Success has a thousand fathers; failure has none.

------
Pelerin
You train people how to treat you.

------
sethammons
If you can’t do something about it, don’t worry. If you can, then do, and
don’t worry.

------
mstolpm
„Getting better is just screwing up less“ - Adam Savage

------
banjo_milkman
if you don't test it then it doesn't work.

------
beagle3
Well, it's life wisdom, but it has applications in software development
(though not necessarily in a commit message ...)

Overabstraction is generally much worse than underabstraction.

The right level of abstraction is worth it's 'wc -l' in gold.

Murphy was an optimist. Everything that can go wrong, will, but at the most
inopportune time (while demoing for the biggest client ever, for example).

The new thing can save you 10% at best, but easily cost you 50% (in delays,
unexpected costs, bugs, ...); Prefer boring and established.

Everything has a context. "readability" is not absolute, it depends on your
target audience.

Your dev/test machine should be slightly weaker than your user's to guarantee
a usable product.

Most people decide if something was brave or foolish only in retrospect.

The best time to plant a tree is 20 years ago, but the next best time is
today. That's extremely true for refactoring/code changes/decision making in
general.

Praised be those who have nothing to say, and nevertheless remain silent
(supposedly a German saying). Keep your descriptions short and to the point,
don't go on rambling.

Most people, most of the time, aren't rational, but rationalizing (part of the
problem is that we really believe the stories we tell ourselves, even though
they are mostly post-hoc rationalization). Is that really why you did that?

Most people like to complain and blame things they can't change, but fear
acting on things that they can change.

The game is mostly rigged against you (unless you are the incumbent. Then, the
game is rigged by and for you - but you already knew that ...).

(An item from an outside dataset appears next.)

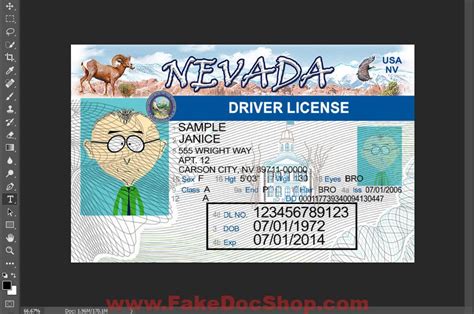 Nevada Drivers License Template In PSD Format - Fakedocshop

History is written by the victors, so take anything you weren't there to
witness with a grain of salt -- including science history. (e.g. Barbara
McClintock and Danny Shechtman were pariahs until they weren't, but evidence
is being whitewashed). Extremely true for office and dev politics. And there
are always politics.

Those who cast the votes determine nothing. Those who count the votes
determine everything (supposedly by J.G.Stalin). Are you really a decision
maker, or just imagine yourself to be?

------
matinisen
Motion.

Everything changes when you're in motion.

------
motiw
When in doubts, do the right thing.

------
egberts1
The higher, the fewer.

------
tawayfree
“You can work from anywhere” is just a big lie!